Problem description: Reproduce each record verbatim, images excluded.

START Listed entries

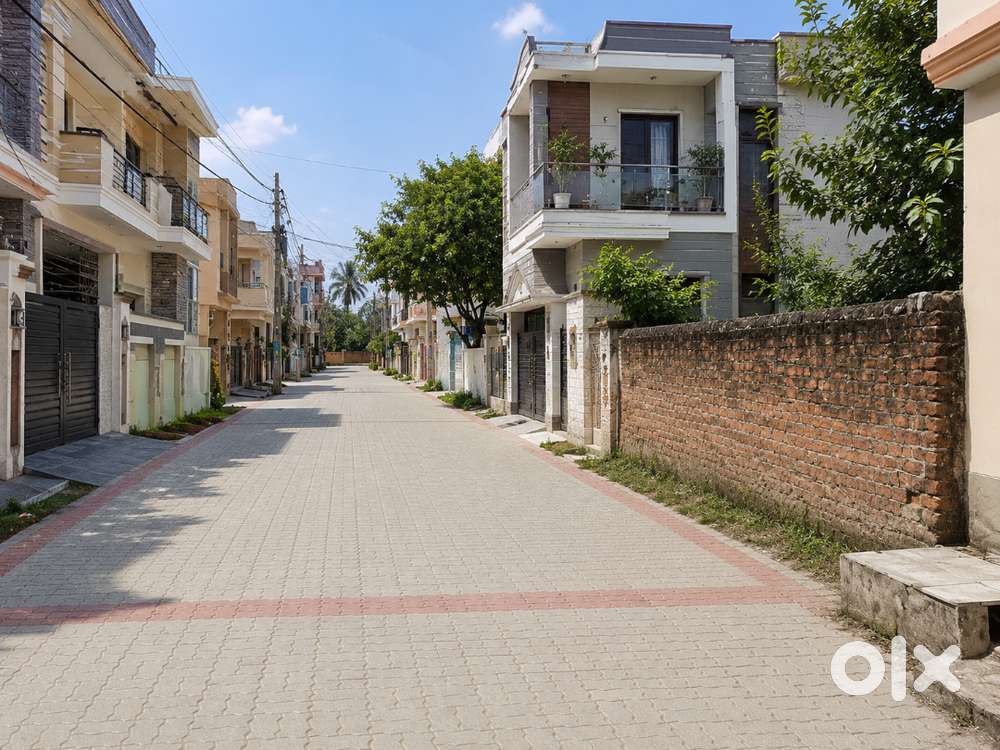 Plot Sale Tedipuliya (Near)--Kalyanpur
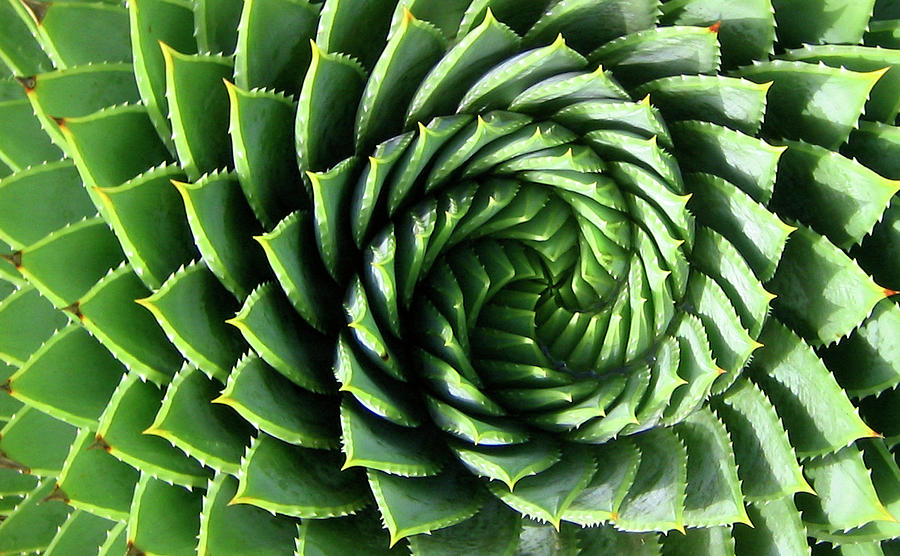 Spiral Plant Photograph by Marcus - Art America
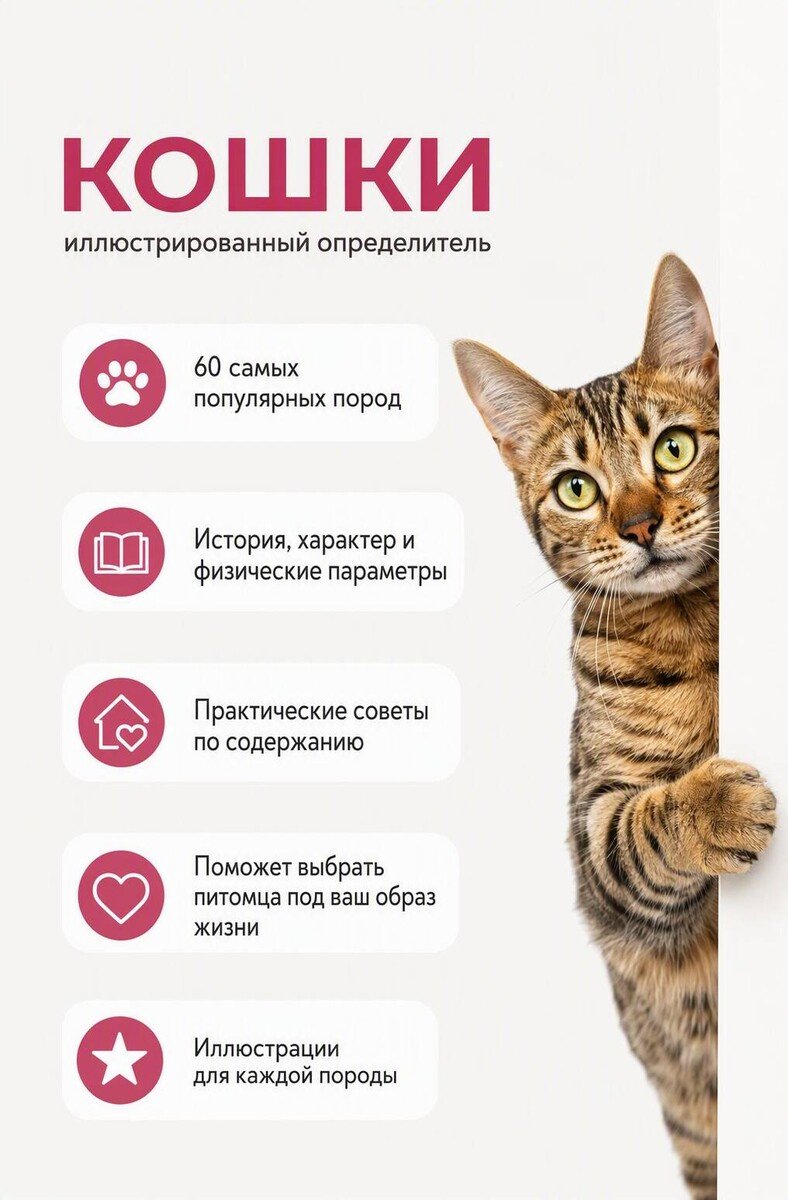 Книга Смирнов Д. С., Спектор А. А.: Смирнов Д. С., Спектор А. А.: Кошки. 60 самых популярных пород. Иллюстрированный определитель купить,NaN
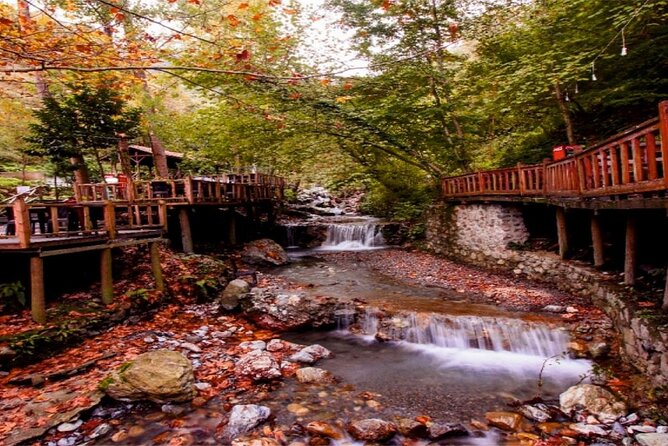 Full-Day Tour in Maşukiye and Sapanca With Pick up - Traveler Reviews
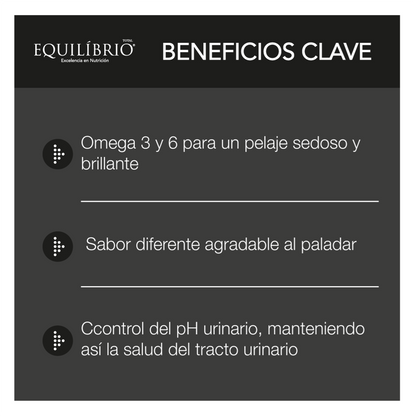 Equilíbrio Gatos Adultos Salmón - Alimento para Gatos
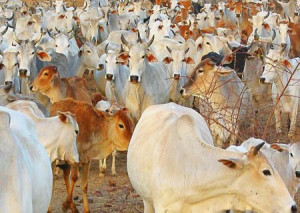 gaushala-cow-in-rajasthan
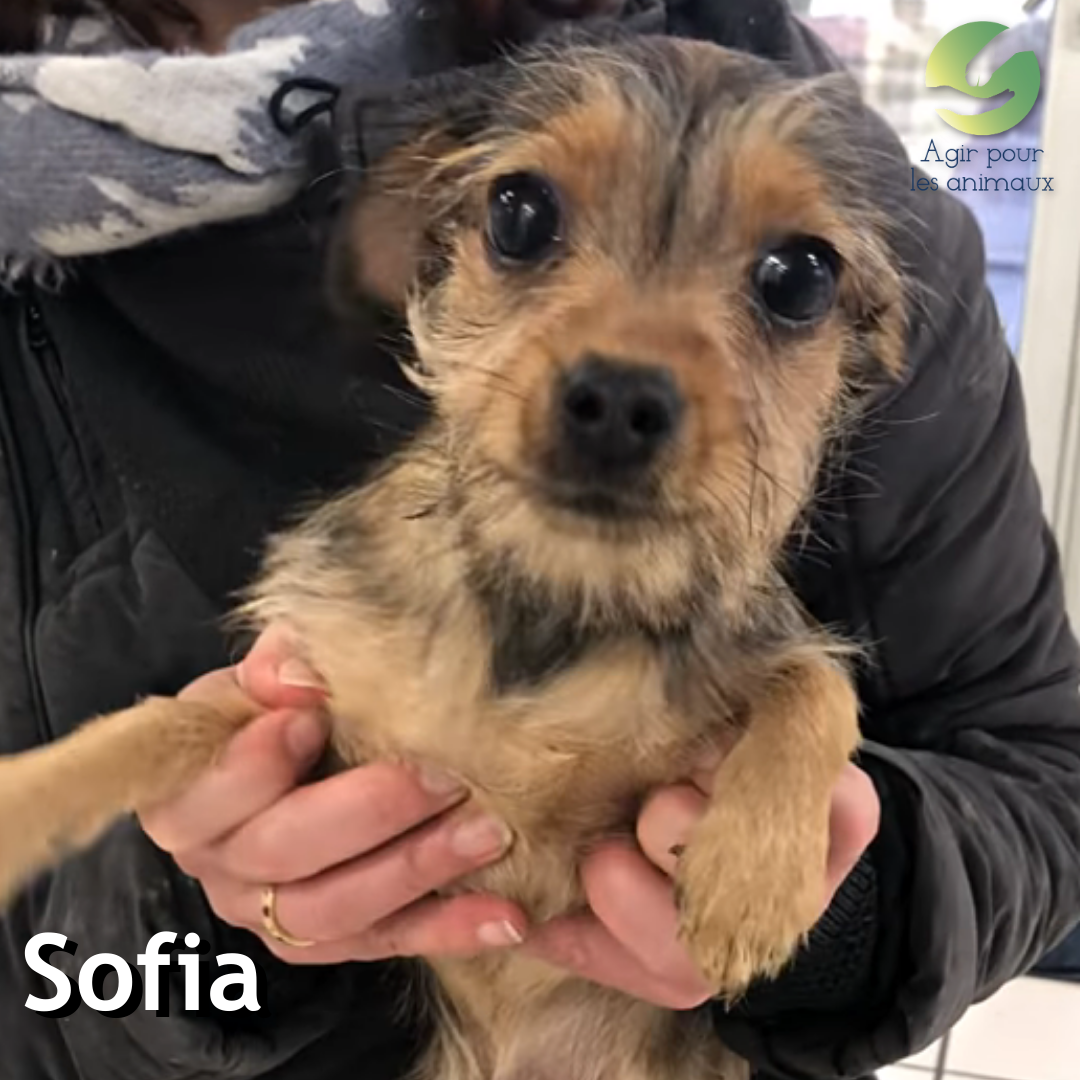 Sofia chiot Terrier femelle à l'adoption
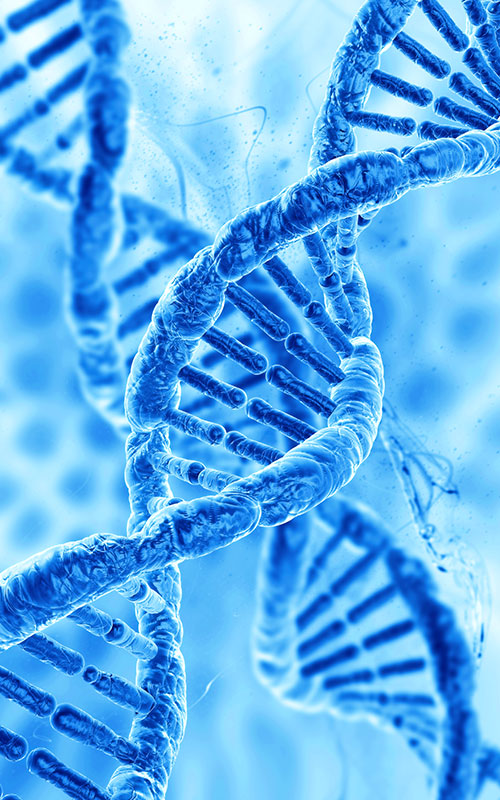 PDRN (polydeoxyribonukleotid)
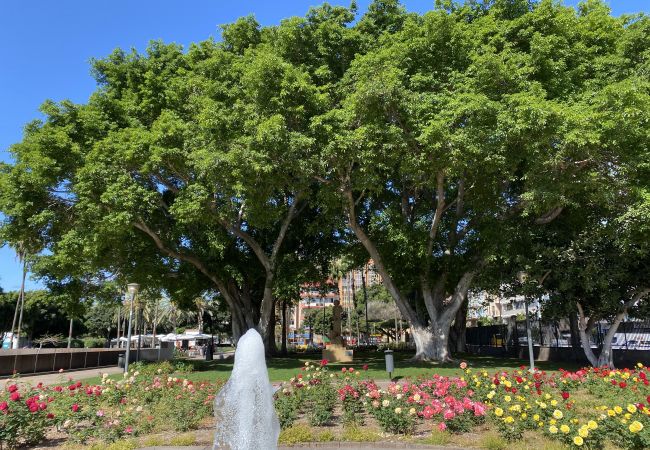 House in Las Palmas de Gran Canaria - Castle and Park view  By CanariasGetaway  House in Las Palmas de Gran Canaria - Castle and Park view  By CanariasGetaway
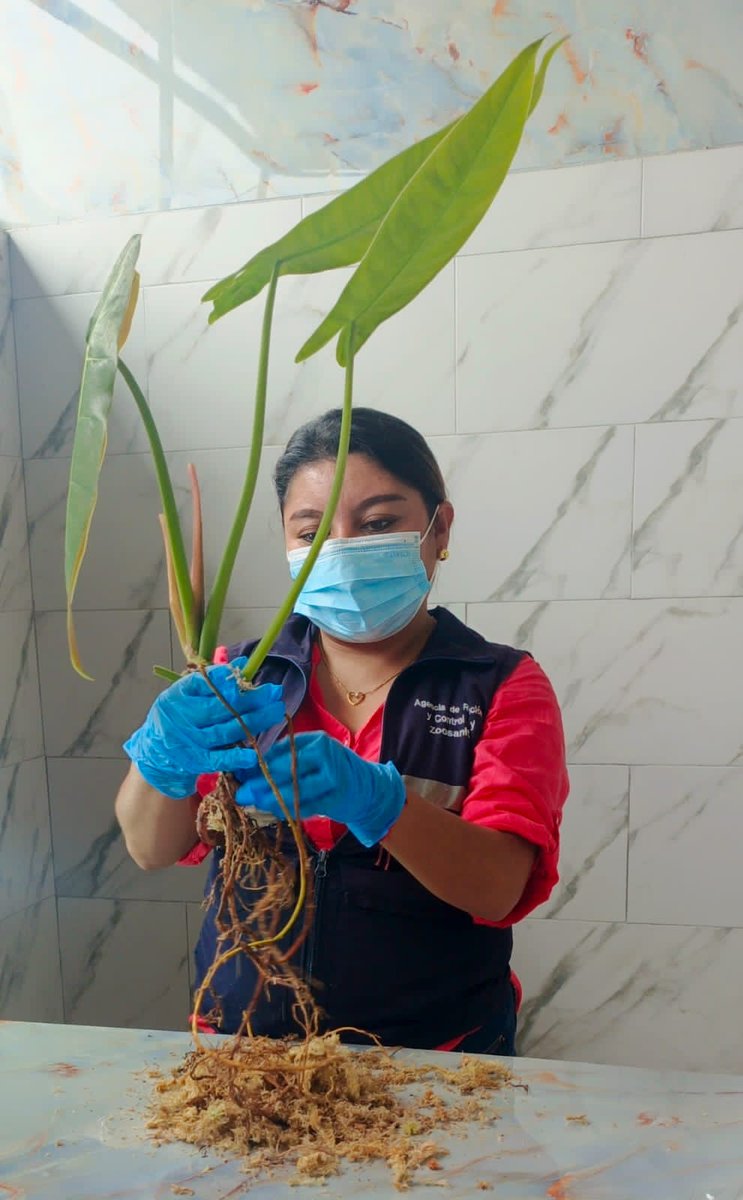 #ZamoraChinchipe | Realizamos inspección fitosanitaria de plantas tropicales 🌱 a raíz desnuda con el objetivo de que cumplan con la normativa y requisitos de Estados Unidos 🇺🇸.

#ExportamosCalidad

END Listed entries

Solution for this exercise:
 Plot Sale Tedipuliya (Near)--Kalyanpur
 Spiral Plant Photograph by Marcus - Art America
 Книга Смирнов Д. С., Спектор А. А.: Смирнов Д. С., Спектор А. А.: Кошки. 60 самых популярных пород. Иллюстрированный определитель купить,NaN
 Full-Day Tour in Maşukiye and Sapanca With Pick up - Traveler Reviews
 Equilíbrio Gatos Adultos Salmón - Alimento para Gatos
 gaushala-cow-in-rajasthan
 Sofia chiot Terrier femelle à l'adoption
 PDRN (polydeoxyribonukleotid)
 House in Las Palmas de Gran Canaria - Castle and Park view  By CanariasGetaway  House in Las Palmas de Gran Canaria - Castle and Park view  By CanariasGetaway
 #ZamoraChinchipe | Realizamos inspección fitosanitaria de plantas tropicales 🌱 a raíz desnuda con el objetivo de que cumplan con la normativa y requisitos de Estados Unidos 🇺🇸.

#ExportamosCalidad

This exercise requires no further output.